## HOW TO COMPLETE THIS TASK
Output every entry exactly as written, skipping any pictures.

[Caption-style text data]
------------------------
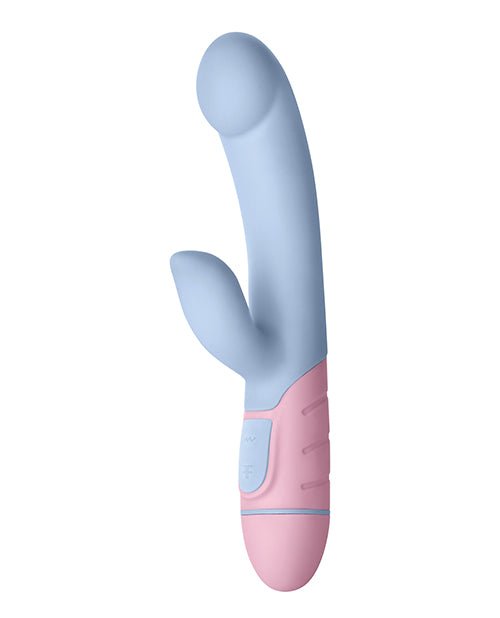 Femme Funn Ffix Rabbit | Shop Lowest Prices at fonlove.shop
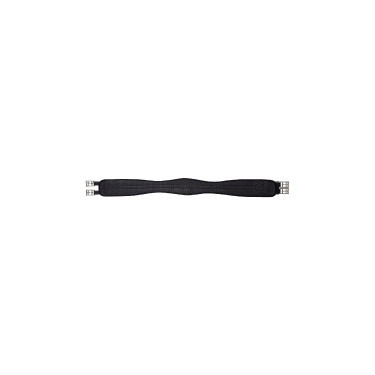 Sangle mixte Dallas Horze Sangle mixte Dallas Horze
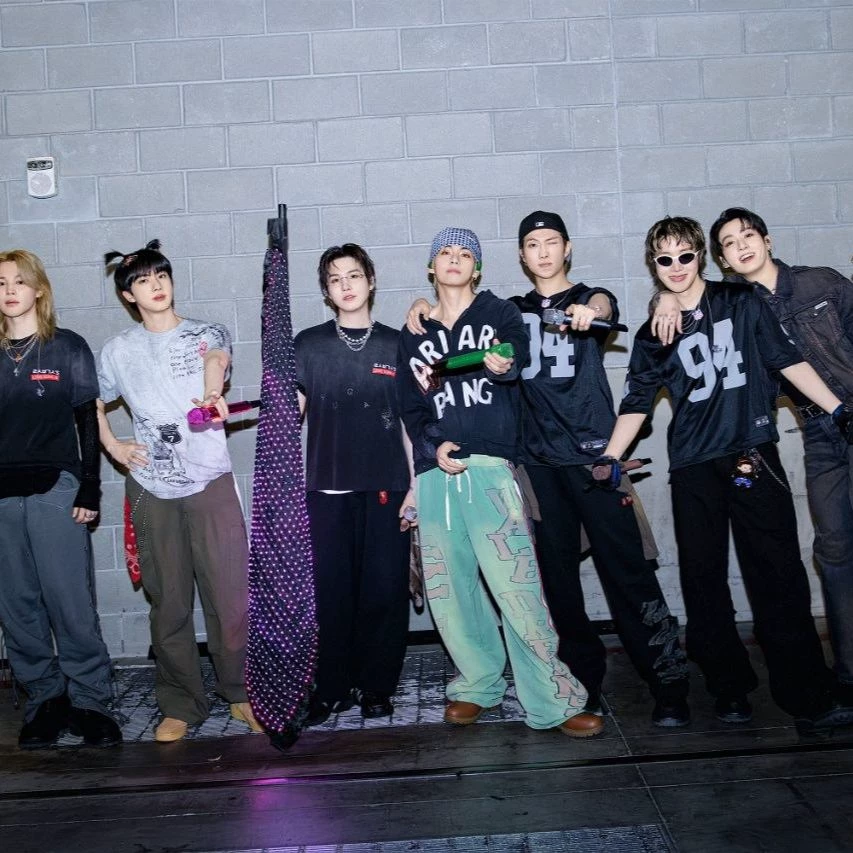 bts mafia brothers thumbnail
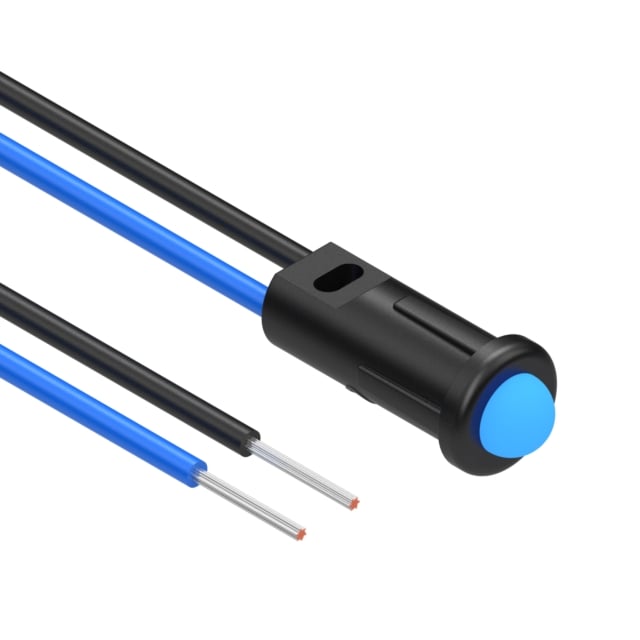 Tensility International Corp 12-00003 electronic component product image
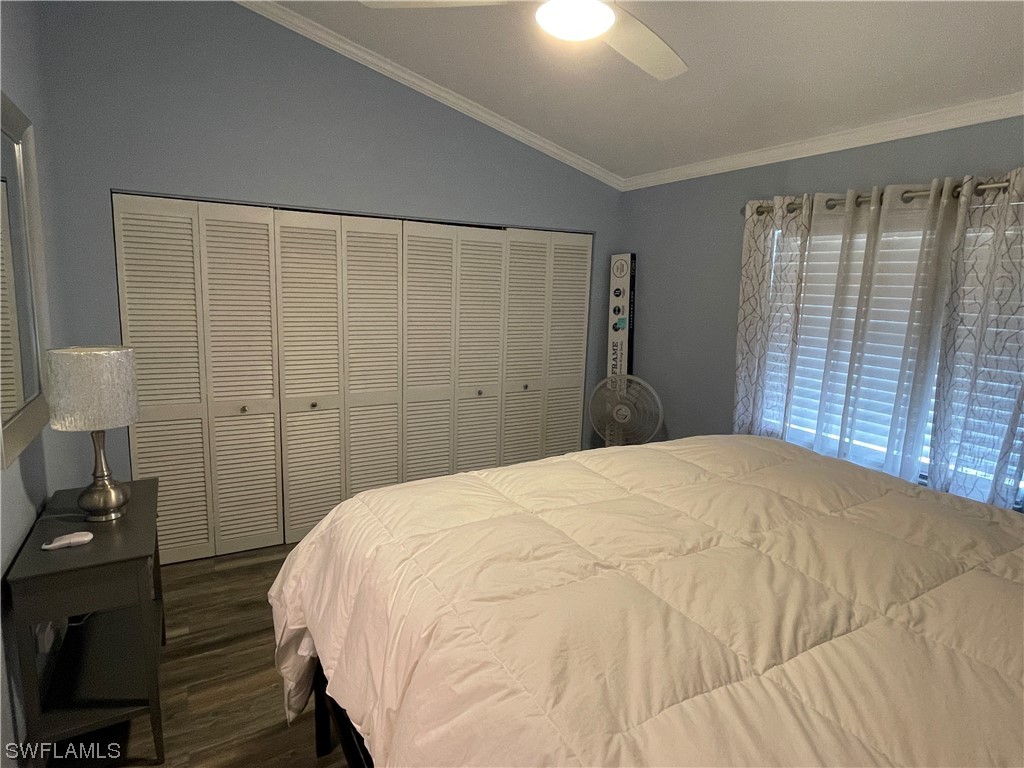 13252 White Marsh LN Unit #3230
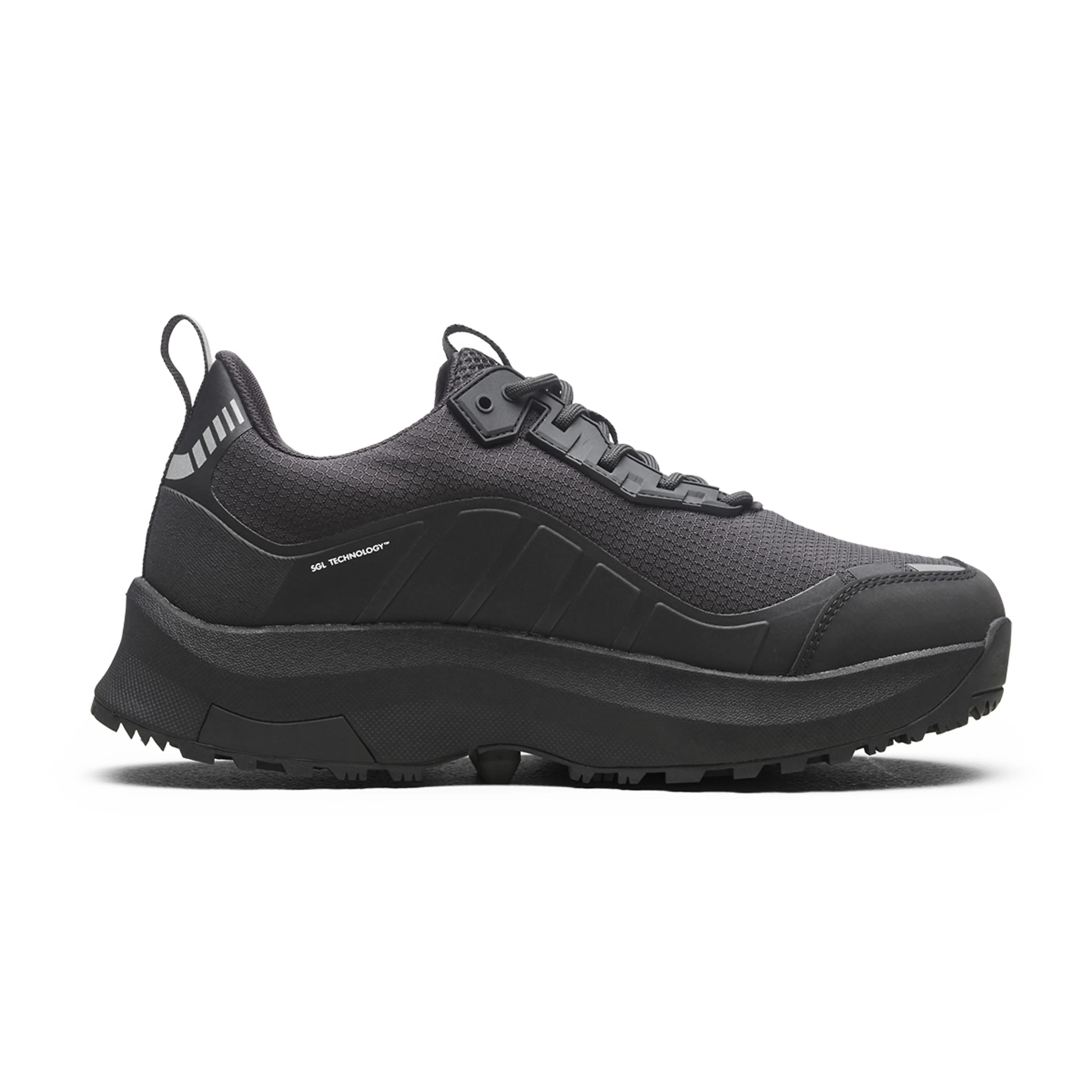 Gravel Lite WP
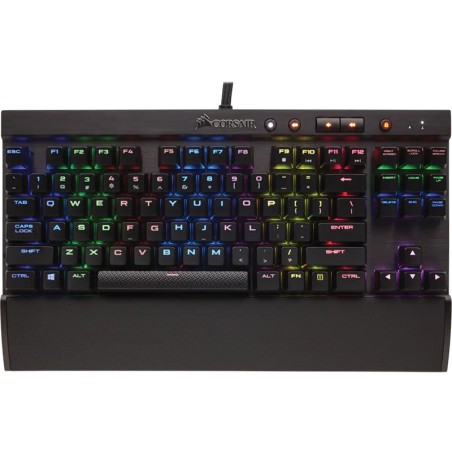 Corsair K65 Rapidfire...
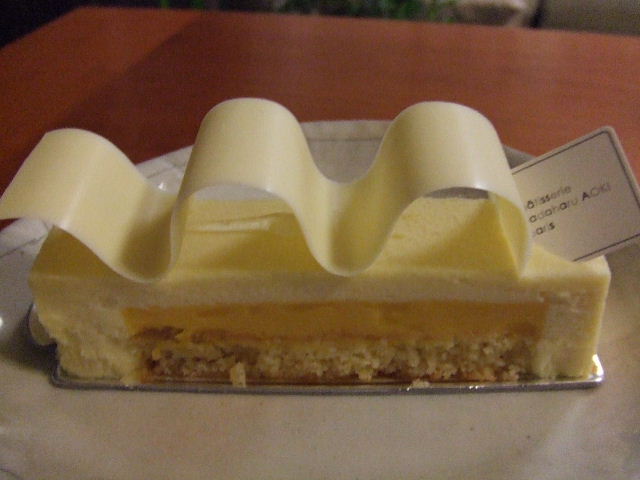 c0071545_8454839.jpg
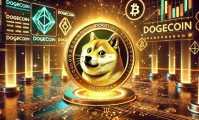 Dogecoin Price: Today's Reality & The Predictable Hype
------------------------
## FINISHED TASK
 Femme Funn Ffix Rabbit | Shop Lowest Prices at fonlove.shop
 Sangle mixte Dallas Horze Sangle mixte Dallas Horze
 bts mafia brothers thumbnail
 Tensility International Corp 12-00003 electronic component product image
 13252 White Marsh LN Unit #3230
 Gravel Lite WP
 Corsair K65 Rapidfire...
 c0071545_8454839.jpg
 Dogecoin Price: Today's Reality & The Predictable Hype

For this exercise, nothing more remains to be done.